Problem statement: Word for word, repeat the lines of the records from the first line up to and including the line that contains "RARE KEY CHAIN", passing over any pictures.

■ ■ ■

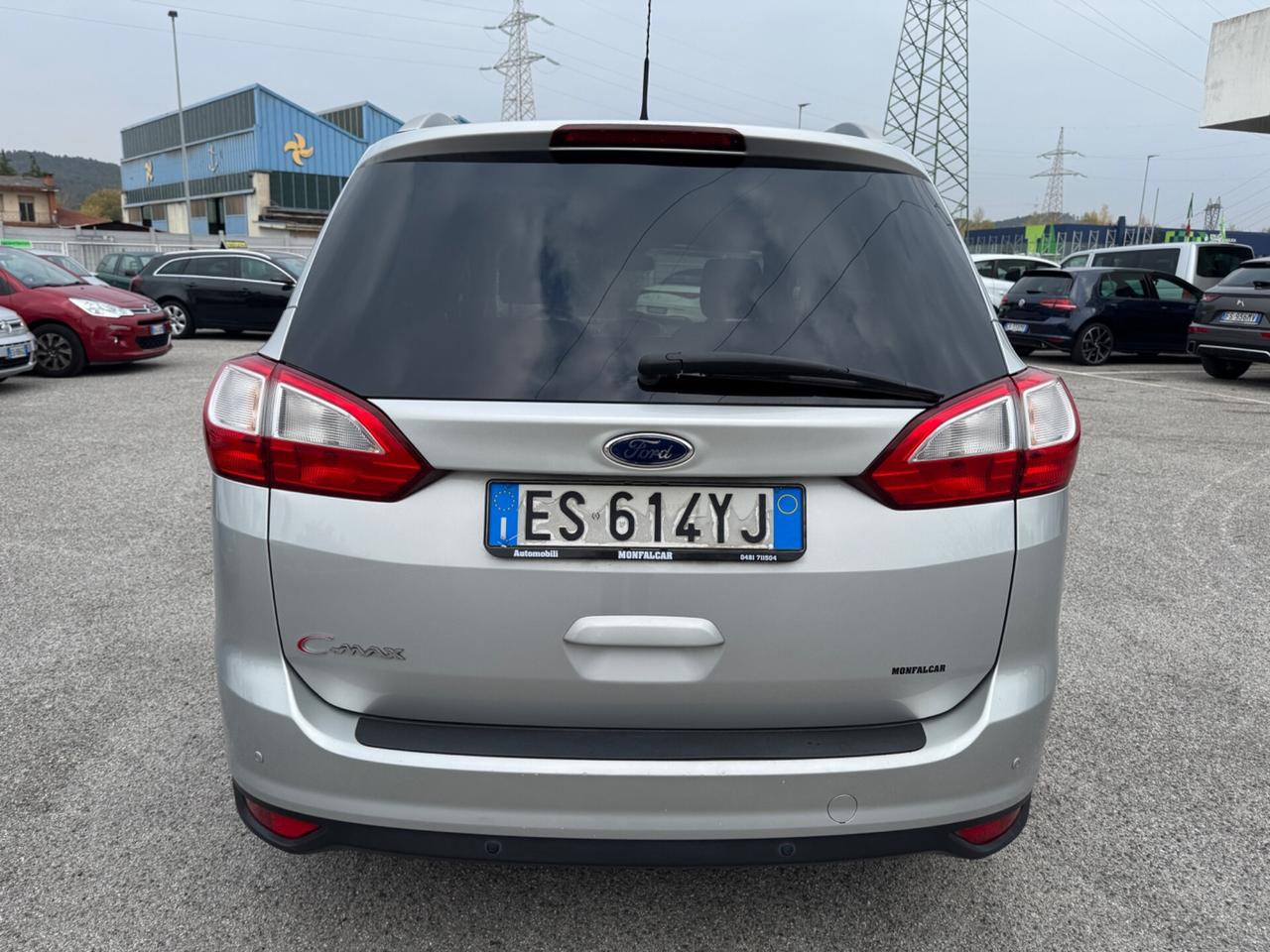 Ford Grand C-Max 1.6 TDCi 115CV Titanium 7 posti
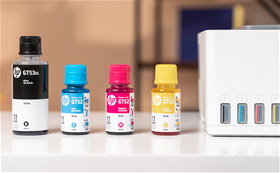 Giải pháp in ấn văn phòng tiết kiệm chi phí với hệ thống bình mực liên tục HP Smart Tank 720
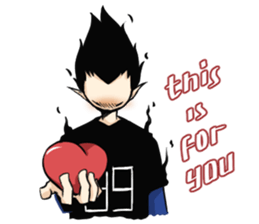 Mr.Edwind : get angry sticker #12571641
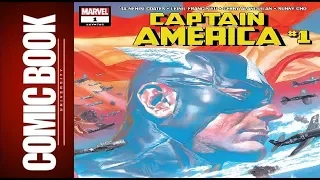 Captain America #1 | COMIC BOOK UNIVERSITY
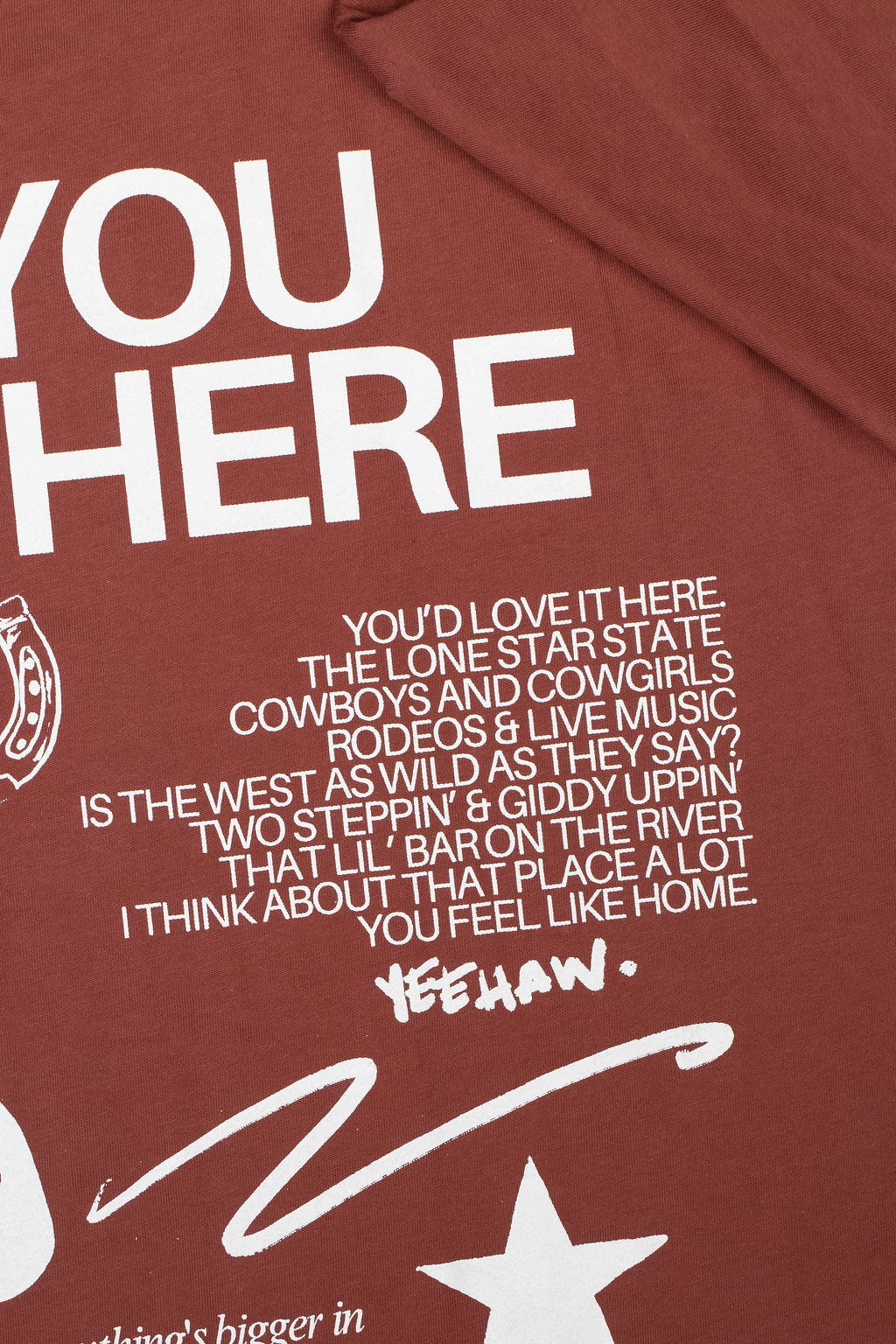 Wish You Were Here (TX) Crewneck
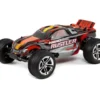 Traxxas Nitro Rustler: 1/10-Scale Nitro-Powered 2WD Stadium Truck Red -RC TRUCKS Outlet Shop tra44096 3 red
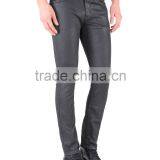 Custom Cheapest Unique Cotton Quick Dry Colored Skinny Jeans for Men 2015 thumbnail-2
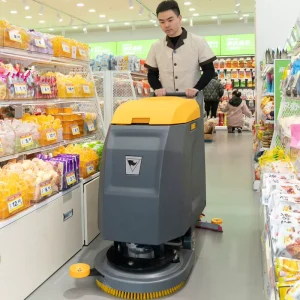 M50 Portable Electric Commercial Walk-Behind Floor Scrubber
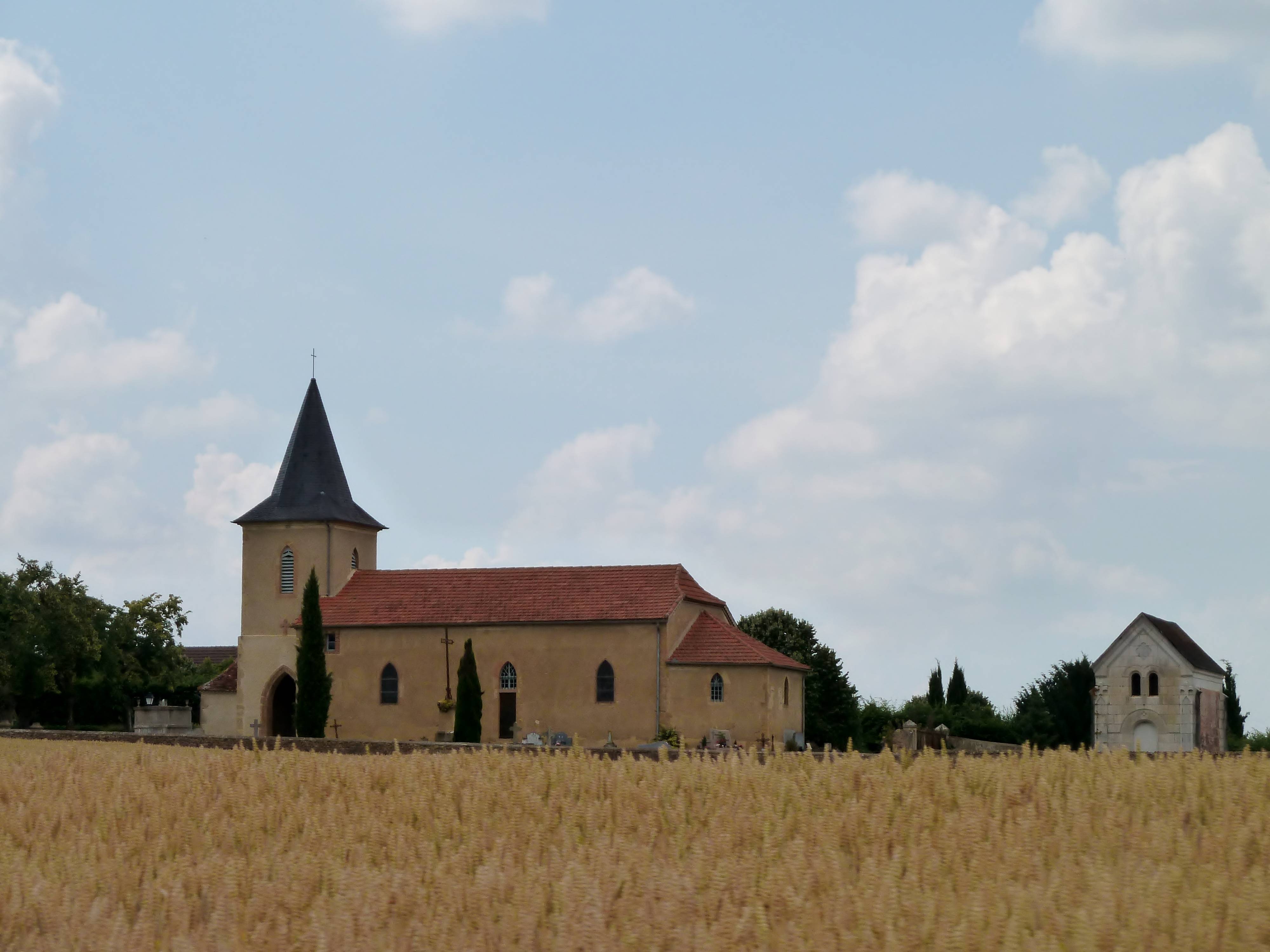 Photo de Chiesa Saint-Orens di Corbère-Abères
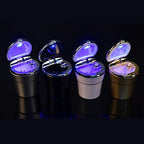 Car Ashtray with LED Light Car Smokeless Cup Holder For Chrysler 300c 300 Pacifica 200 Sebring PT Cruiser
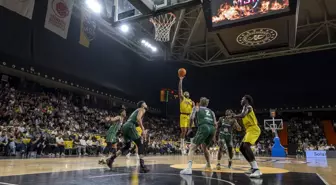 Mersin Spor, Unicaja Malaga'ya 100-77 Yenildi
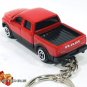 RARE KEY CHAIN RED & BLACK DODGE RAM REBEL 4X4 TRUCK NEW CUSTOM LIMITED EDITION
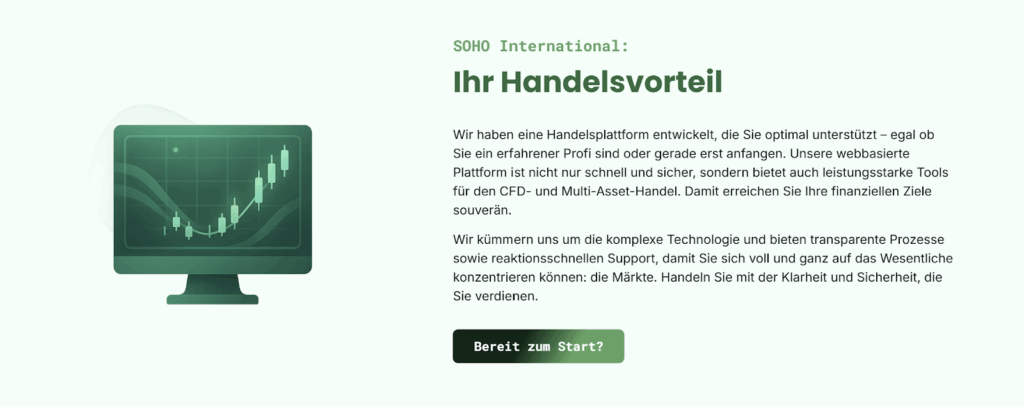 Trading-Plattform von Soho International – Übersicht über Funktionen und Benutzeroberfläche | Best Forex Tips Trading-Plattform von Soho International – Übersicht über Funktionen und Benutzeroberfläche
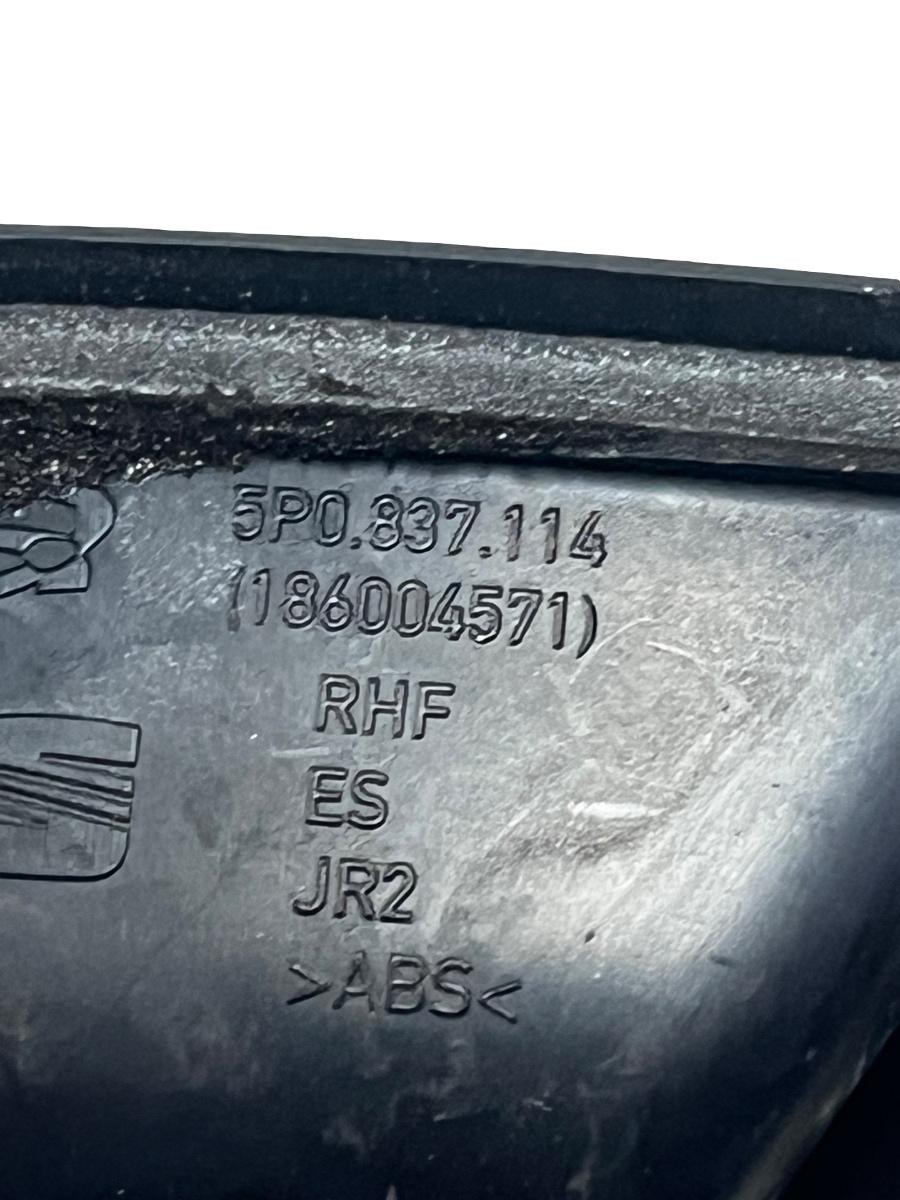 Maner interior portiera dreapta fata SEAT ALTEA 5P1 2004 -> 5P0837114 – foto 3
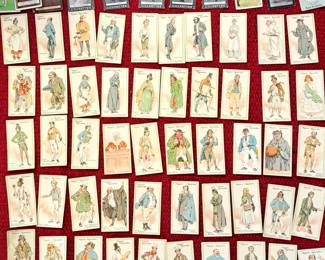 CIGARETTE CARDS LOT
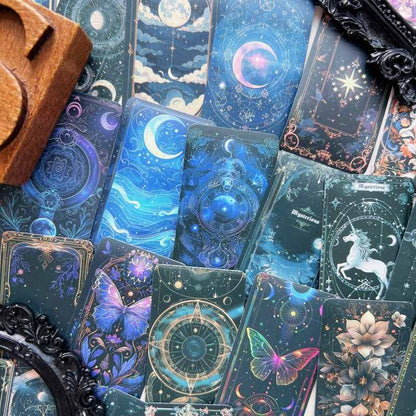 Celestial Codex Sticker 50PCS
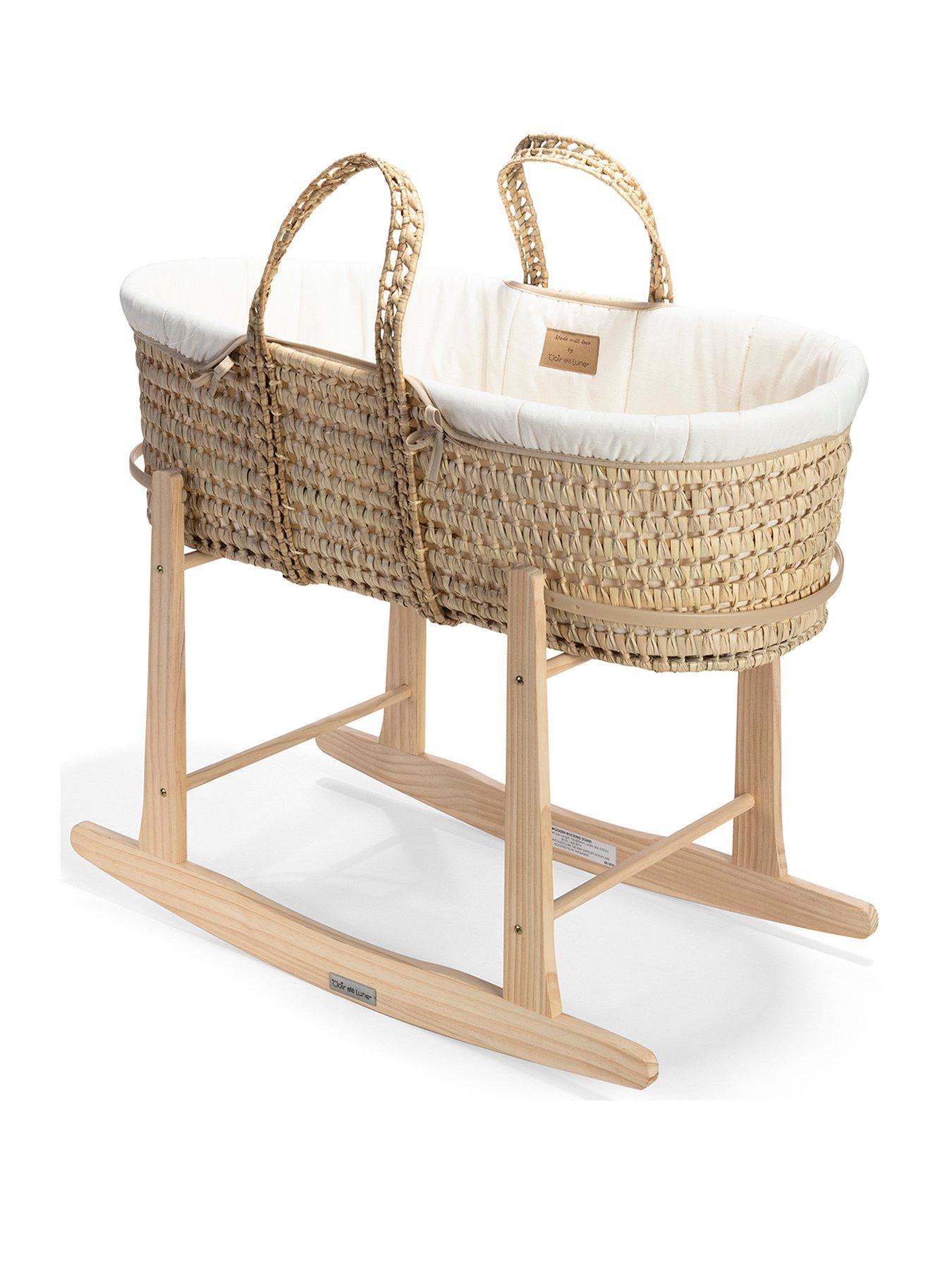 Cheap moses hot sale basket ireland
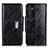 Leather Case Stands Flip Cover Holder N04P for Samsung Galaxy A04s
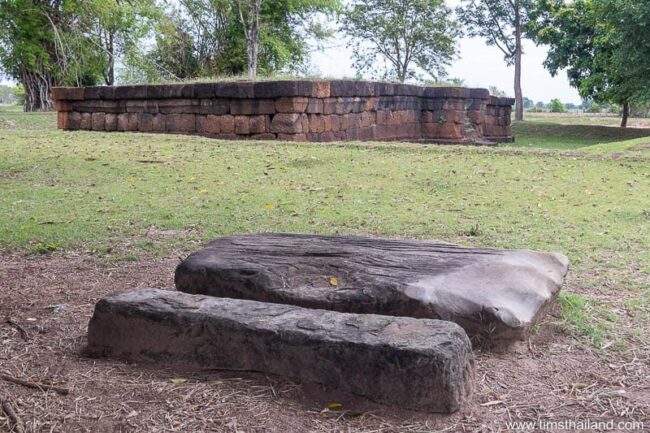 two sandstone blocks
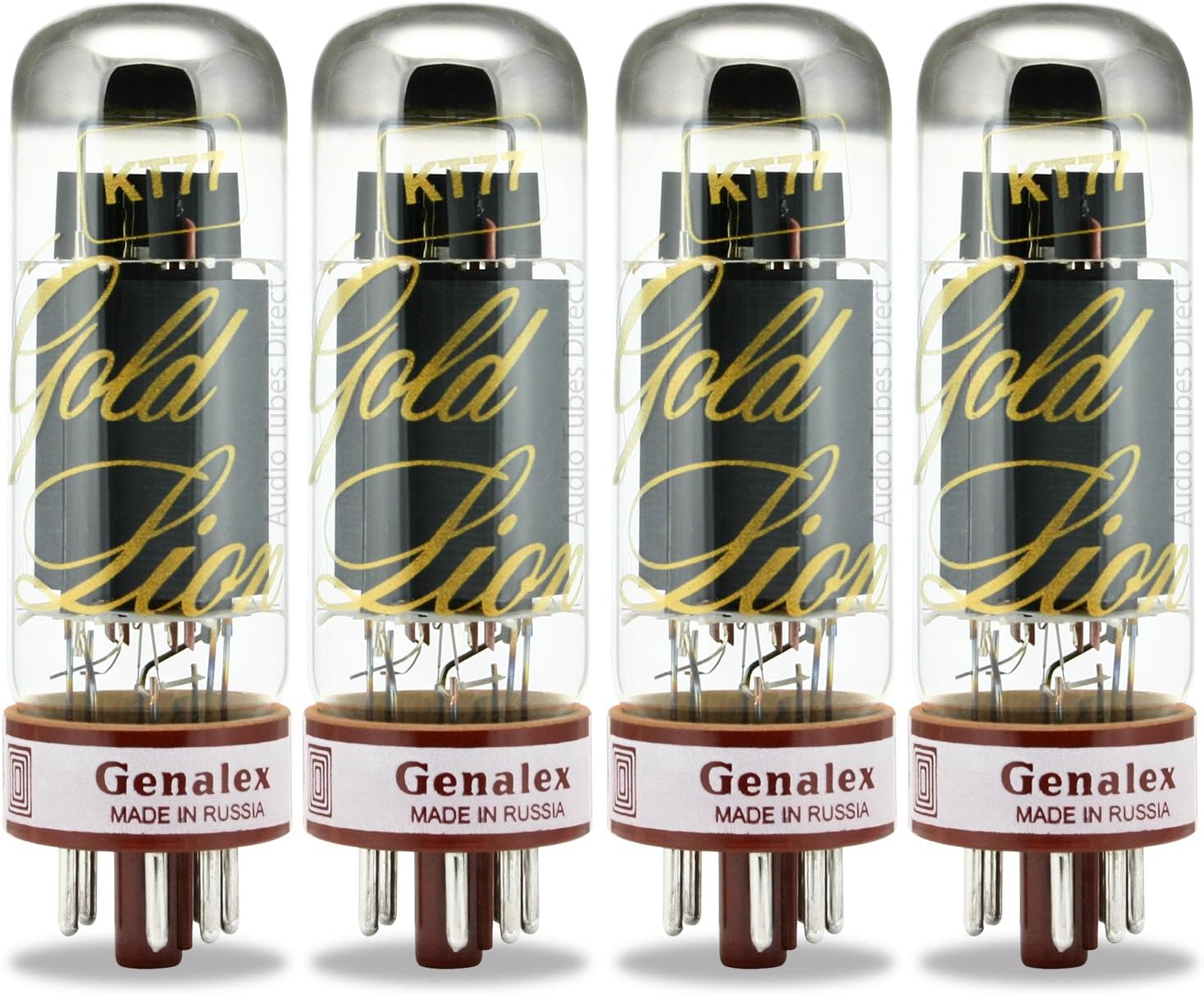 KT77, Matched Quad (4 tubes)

■ ■ ■

Task output:
 Ford Grand C-Max 1.6 TDCi 115CV Titanium 7 posti
 Giải pháp in ấn văn phòng tiết kiệm chi phí với hệ thống bình mực liên tục HP Smart Tank 720
 Mr.Edwind : get angry sticker #12571641
 Captain America #1 | COMIC BOOK UNIVERSITY
 Wish You Were Here (TX) Crewneck
 Traxxas Nitro Rustler: 1/10-Scale Nitro-Powered 2WD Stadium Truck Red -RC TRUCKS Outlet Shop tra44096 3 red
 Custom Cheapest Unique Cotton Quick Dry Colored Skinny Jeans for Men 2015 thumbnail-2
 M50 Portable Electric Commercial Walk-Behind Floor Scrubber
 Photo de Chiesa Saint-Orens di Corbère-Abères
 Car Ashtray with LED Light Car Smokeless Cup Holder For Chrysler 300c 300 Pacifica 200 Sebring PT Cruiser
 Mersin Spor, Unicaja Malaga'ya 100-77 Yenildi
 RARE KEY CHAIN RED & BLACK DODGE RAM REBEL 4X4 TRUCK NEW CUSTOM LIMITED EDITION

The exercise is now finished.